To many observers, it may seem like after the enactment of the FGM Act in 2010, FGM ended. After the law became operational, the authorities began arresting individuals involved in the practice in order to send a clear message that the practice is a public health problem and a gross violation of rights!

Much as the approach seemed to work, it is important to note that such deep-rooted practices do not disappear overnight. The communities that practice FGM cherish it as an important rite of passage that defines a woman’s social status.

Women and girls who have not undergone FGM are often stigmatized. Because of these social realities, outlawing the practice without transforming social norms, beliefs and behaviors that perpetuate it, drove the practice underground, rather than stopping it.
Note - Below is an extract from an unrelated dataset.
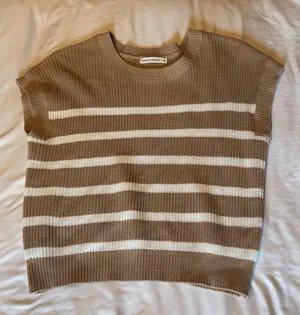 Moon & Maddison Sweater Vest thumbnail 1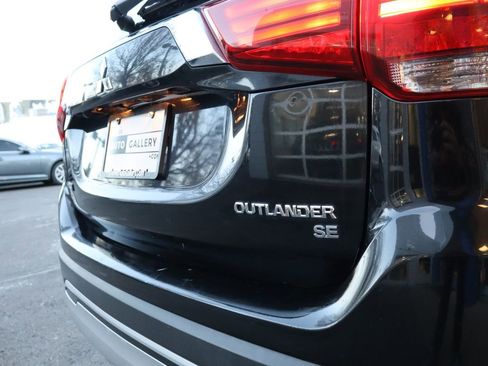 Used 2019 Mitsubishi Outlander SE image 32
To avoid being arrested, community members changed the times and sites of cutting; they became discreet about it by avoiding the public festivities done prior to and after the cuttings.

Some health care workers and police officers in these communities still believe FGM is a vital traditional practice that must happen. Some health workers think they can use their sterilized equipment to cut so as to minimize the health risks, while police officers will tend to look on helplessly even when they hear of suspected incidents.
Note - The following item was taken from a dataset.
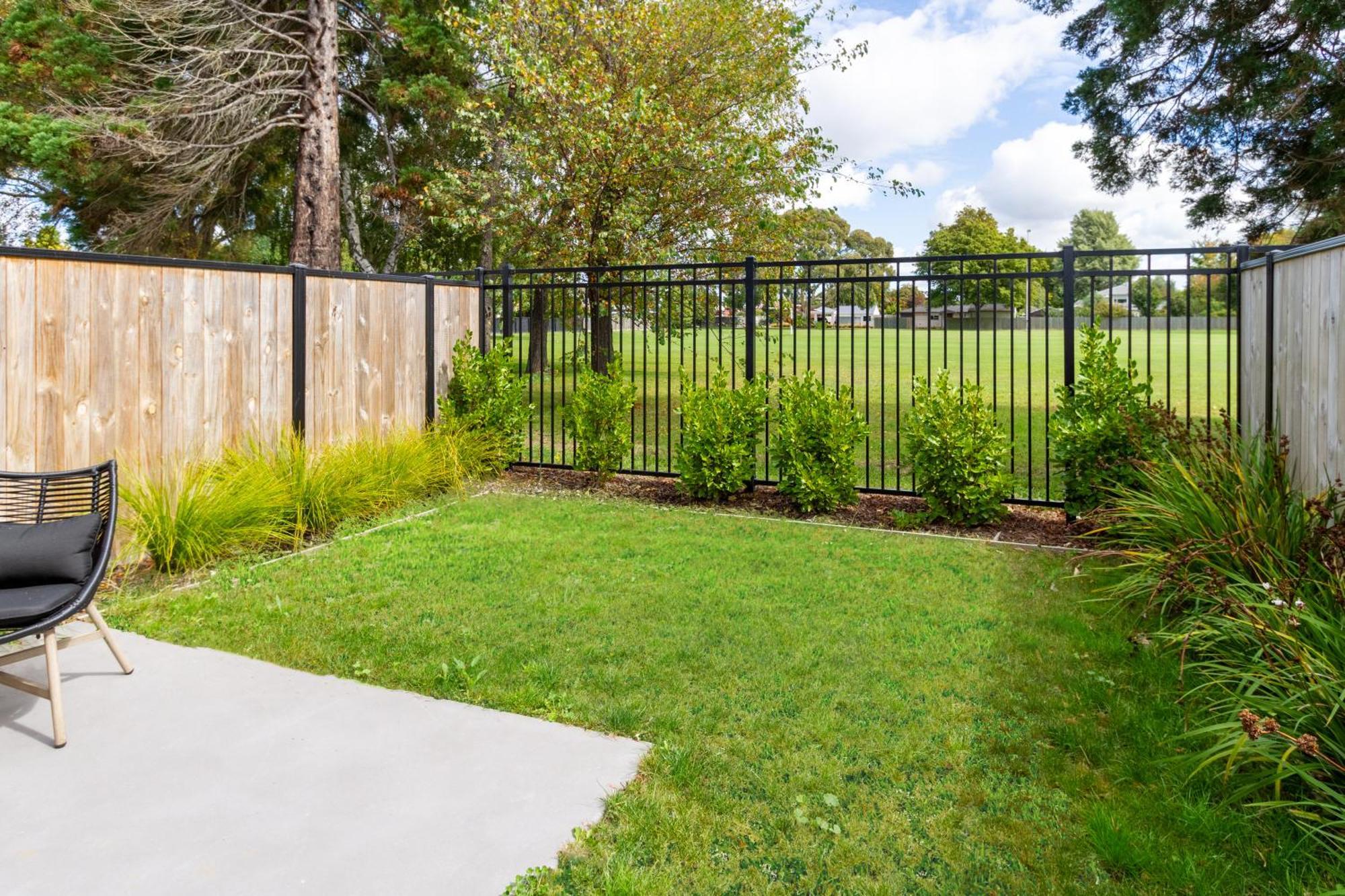 Appartamento Escape At The Park: 1 Bed 1 Bath W/Carpark Christchurch Esterno foto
Rather than them playing a preventive role, they will claim that there is no complainant or that they lack the resources to follow up on these suspected crimes.

Results from a 2018 formative research conducted by Center for Domestic Violence Prevention (CEDOVIP) in Kween and Moroto districts, indicated that quite often, community members portray FGM as a practice with mystical powers that brings abundant blessings to the family and the community while at the same time they believe that not doing it leads to family and community disasters such as stillbirths, barrenness and famine, thus the social pressure for the girls to undergo FGM, explaining why severe social sanctions for those who have not undergone the cutting are in place.
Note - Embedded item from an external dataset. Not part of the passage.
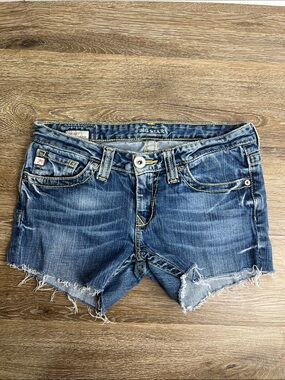 Big Star Sweet Cutoff Denim Shorts Women’s Size 27 Medium Wash Raw Hem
Such family and social pressure compels the girls and women to undergo the cutting so that they are socially and culturally right and accepted in their communities.

Because of this high tolerance of the FGM practice, it was also learnt that the age at which girls are being cut has changed from when they are teenagers to after they have been married off.

Currently, the cutters (mainly traditional birth attendants and older women) are also big beneficiaries of FGM activities because of the reputation they gain, the material gifts given to them and most importantly, the social ties they develop with the families of the ‘successful’ candidates.

Because of the revered status of the cutters, their actions are not questioned. They are responsible for the identification of the uncut girls and women and reminding their relatives to prepare the women and girls for cutting, as well as setting the schedules for the cutting as was the case with the most recent occurrences in Binyiny town council, Kween district.

FGM is caused by a combination of drivers operating at different levels of the social ecology. These risk factors include a person’s developmental history and attitudes or beliefs; their relationships and household dynamics; community factors such as social norms and levels of poverty; and macro-level factors such as gender regime and market forces that affect realities at all the other levels.

Therefore, preventing FGM calls for urgent transformation of the social norms and beliefs that perpetuate and sustain it as well as response actions to support the survivors as well as holding of the perpetrators of FGM accountable to their actions. This means that interventions must work with the entire community across the ecological model.

The interventions need to be intensive enough to address the myths and stereotypes, challenge the unequal power dynamics as well as transform the current negative norms to create positive changes that will enable community members create new value systems and social norms that equally value women/girls and men and boys and recognize the right for women to live free of violence.

CEDOVIP’s SASA! program is one of those key interventions that is working with the communities to be proactive at creating this change.